=== Begin Enclosure ===
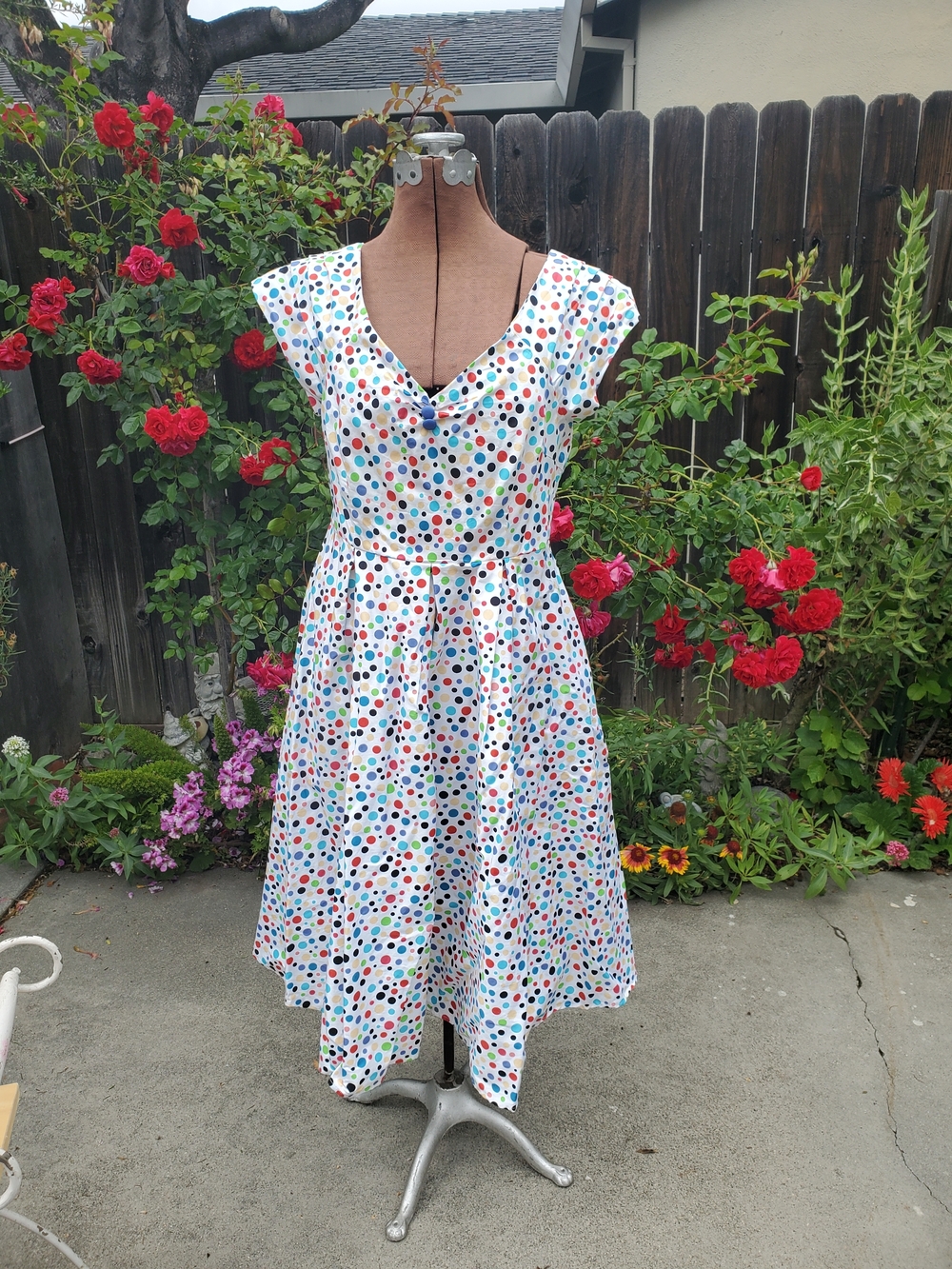 Dollcake White Multicolor Polka Dot Fit-&-Flare Midi Dress
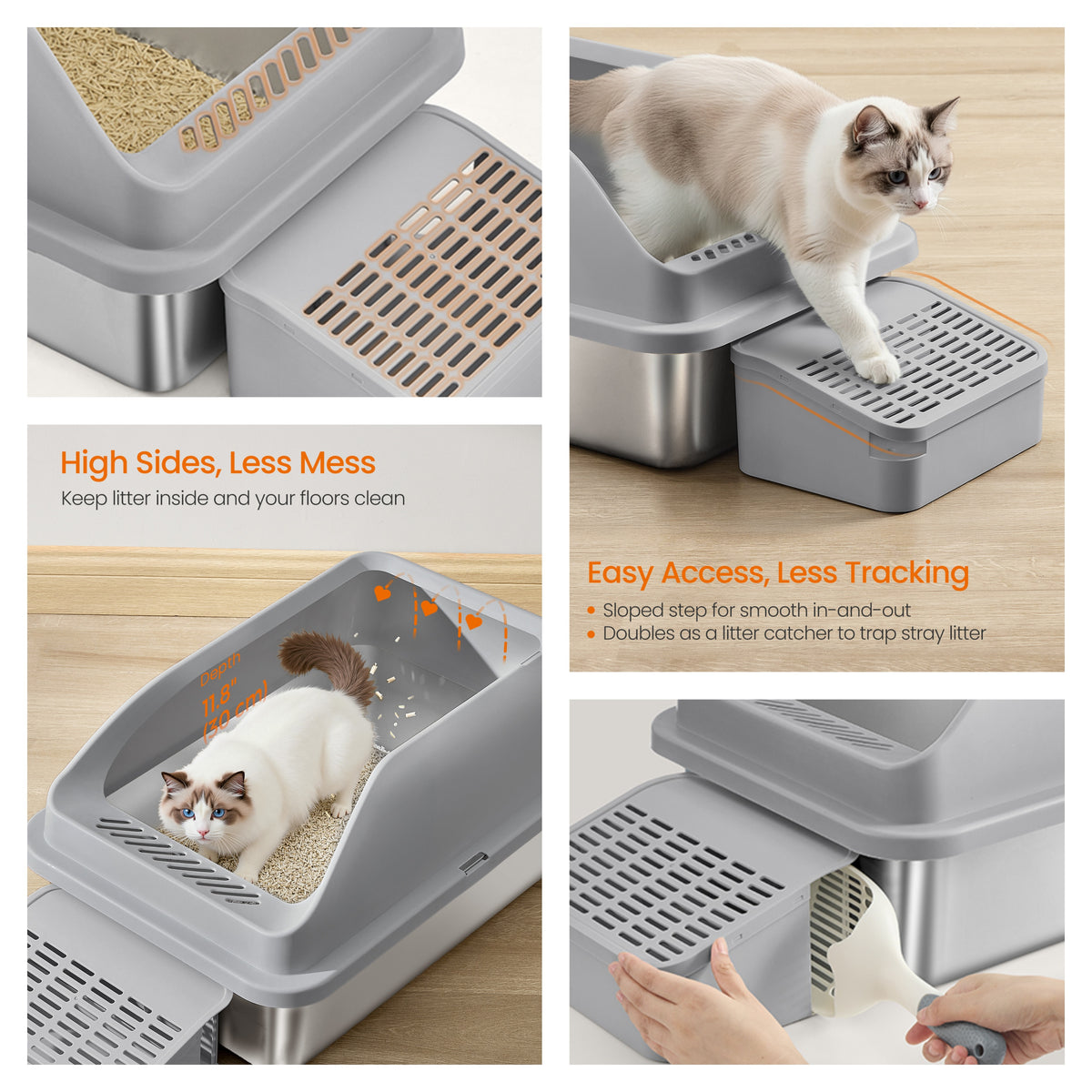 Stainless Steel Open Top Cat Litter Box with Step, High-Sided Litter Tray for Cats up to 33 lb, Slate Gray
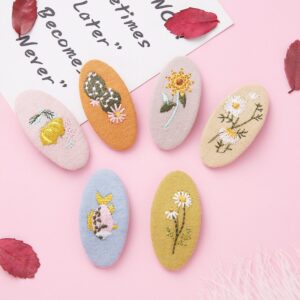 Children Kids Toddlers Fashion Girls Floral Embroidery Hairpin Hair Accessories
=== End Enclosure ===
### What is being asked:
Leave out the pictures and set down all of the data exactly.

### Written reply:
 Dollcake White Multicolor Polka Dot Fit-&-Flare Midi Dress
 Stainless Steel Open Top Cat Litter Box with Step, High-Sided Litter Tray for Cats up to 33 lb, Slate Gray
 Children Kids Toddlers Fashion Girls Floral Embroidery Hairpin Hair Accessories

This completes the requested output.